Paul Segal, President of Luminus Management, commented: “It’s not enough for TransAlta to say we pay a dividend and we are investment grade therefore we have a low risk business model. TransAlta faces many challenges - including rapidly increasing construction costs - yet also has opportunities it needs to capitalize on, such as increasing power prices in its core power markets. Shareholders need a board that is realistic about the future, will address business risk proactively and will seek at every step to maximize long-term shareholder value.”
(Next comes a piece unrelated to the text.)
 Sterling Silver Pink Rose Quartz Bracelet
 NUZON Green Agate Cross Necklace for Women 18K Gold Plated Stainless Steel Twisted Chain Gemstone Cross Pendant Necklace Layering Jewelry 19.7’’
Luminus Group is the beneficial holder of approximately 8% of TransAlta’s shares and has put forth various shareholder proposals for inclusion in TransAlta’s Management Proxy Circular for the 2008 Annual and Special Meeting of Shareholders to be held on April 22, 2008, including a proposal that reserves Luminus Group’s right to nominate directors for election at that meeting. Luminus Group intends to announce its director nominees shortly. The record date for the Annual and Special Meeting is February 25, 2008. For more information, please visit www.ImproveTransAlta.com.
About the Luminus Group:
Luminus Management
Founded in 2002, Luminus Management is the Investment Advisor to two investment partnerships – Luminus Energy Partners Master Fund, Ltd. and Luminus Asset Partners, LP. Luminus Management focuses primarily on investing in independent power and utility securities. The investment partnerships to which Luminus Management is Investment Advisor have approximately $1.4 billion of equity under management.
LS Power
Founded in 1990, LS Power is a fully integrated development, investment and asset management group with a proven track record of successful development activities, operations management and commercial contract origination and optimization. As a developer, LS Power has successfully developed gas-fired facilities and coal-fired facilities representing over 7,000 MW of total capacity, and is currently developing more than 6,000 MW of coal, natural gas and renewable power generation facilities. LS Power currently owns and manages three natural gas-fired power generation facilities representing approximately 1,765 MW. LS Power has purchased eighteen power generation projects with approximately 11,800 MW of generation capacity and manages two investment funds with approximately $4.3 billion of committed equity capital.